(Data entries)
☆ ☆ ☆ ☆ ☆ ☆ ☆

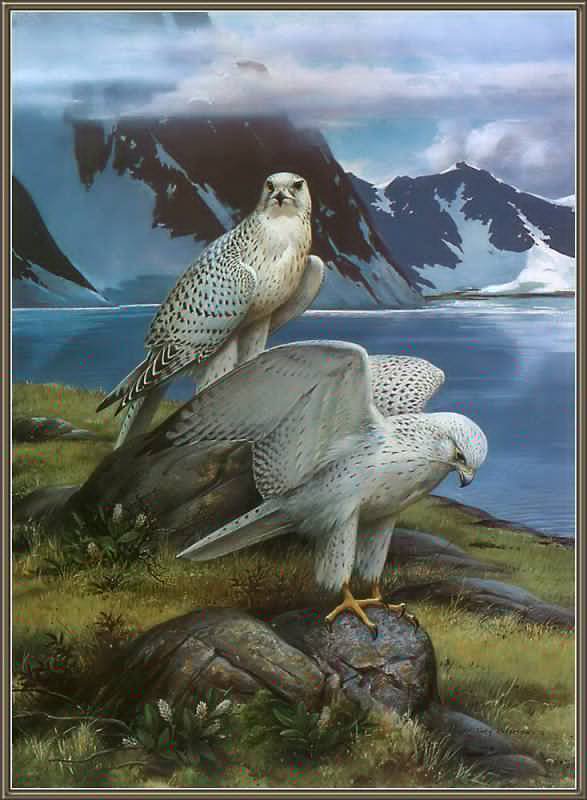 орлы - картина, природа, птицы, горы, орел, красота, лето - оригинал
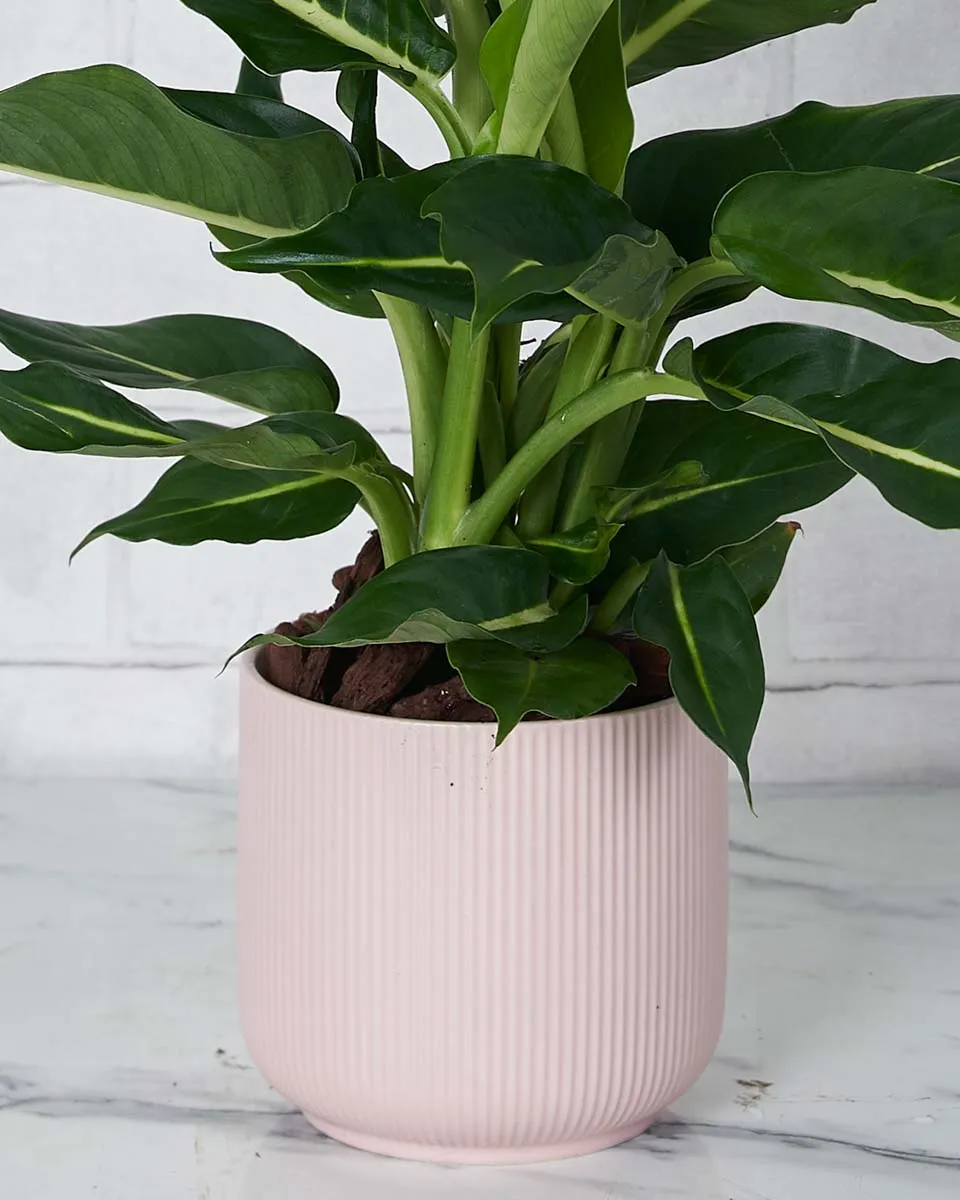 Green Beauty Details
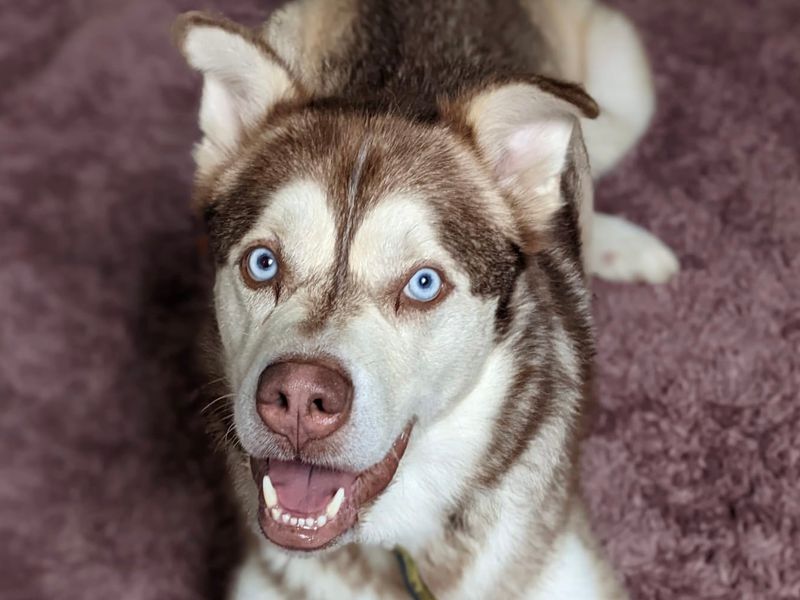 undefined | Siberian Husky Cross | undefined - 17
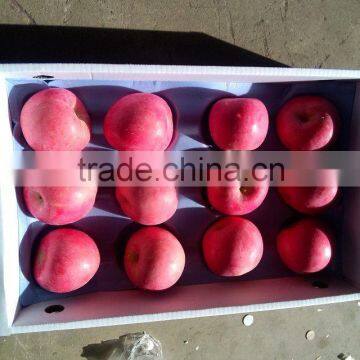 Farm fuji apple fresh fuji apple China fuji apple Product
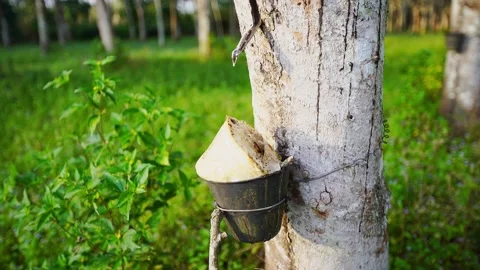 Close up shot of a rubber tree with a cup full of dried up latex on a sunny day. Video stock 166668552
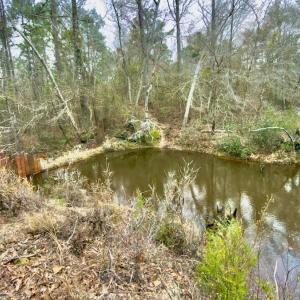 Photo #3 of Off of Woodwind Dr, Vass, NC 134.5 acres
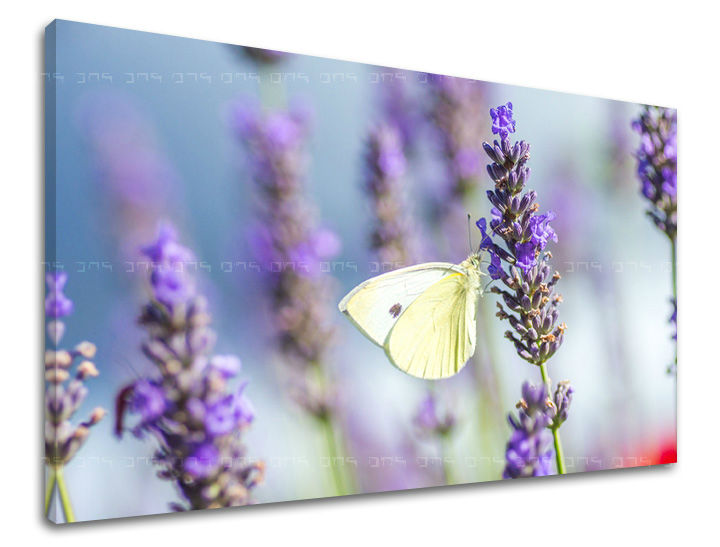 Dipinto murale FIORI | varie dimensioni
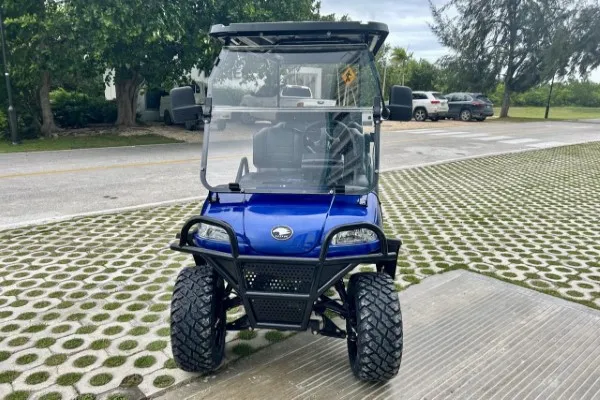 Innovative model of electric golf carts that shows luxury finishes on the exterior that are in blue with some black details.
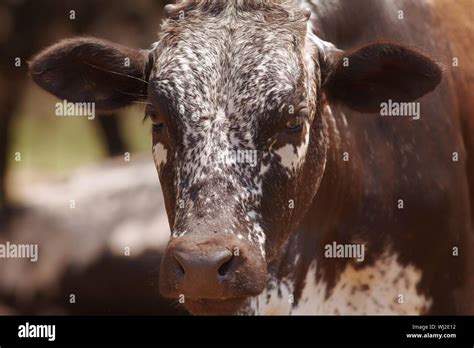 Herd Of Nguni Cattle Stock Photo Alamy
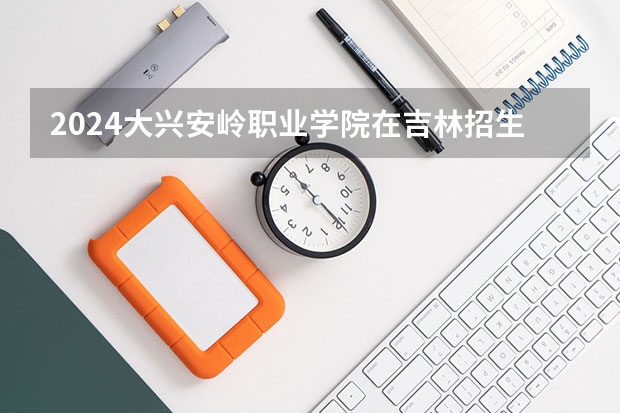 2024大兴安岭职业学院在吉林招生计划表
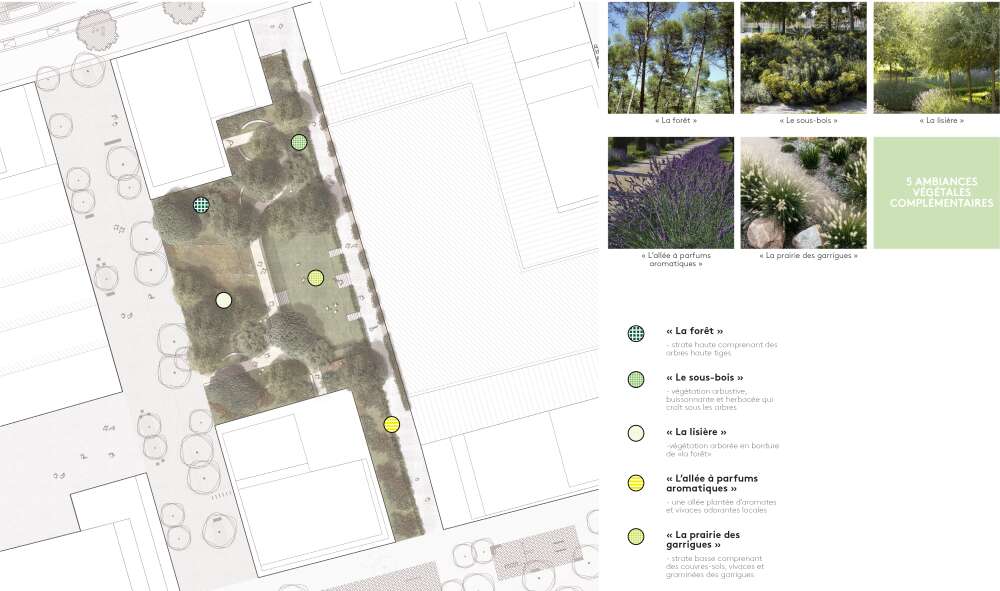 Smartseille 2 Plan Masse Essences végétales.png Smartseille 2 Plan Masse Essences végétales.png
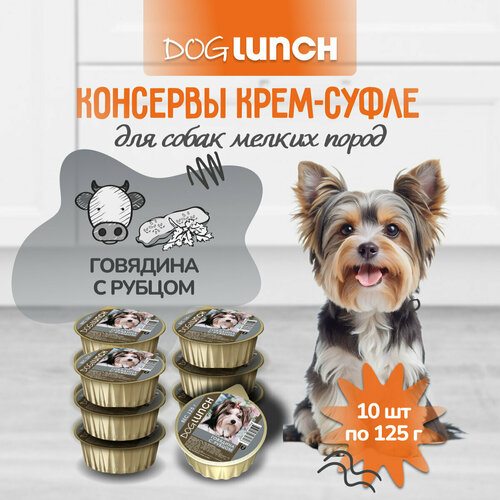      Dog Lunch -, ,  1 .  10 .  125    -     , -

☆ ☆ ☆ ☆ ☆ ☆ ☆

Extract exactly the lines from the one containing "Close up shot" through the last line of the records above, both included, and leave out the pictures.

 Close up shot of a rubber tree with a cup full of dried up latex on a sunny day. Video stock 166668552
 Photo #3 of Off of Woodwind Dr, Vass, NC 134.5 acres
 Dipinto murale FIORI | varie dimensioni
 Innovative model of electric golf carts that shows luxury finishes on the exterior that are in blue with some black details.
 Herd Of Nguni Cattle Stock Photo Alamy
 2024大兴安岭职业学院在吉林招生计划表
 Smartseille 2 Plan Masse Essences végétales.png Smartseille 2 Plan Masse Essences végétales.png
      Dog Lunch -, ,  1 .  10 .  125    -     , -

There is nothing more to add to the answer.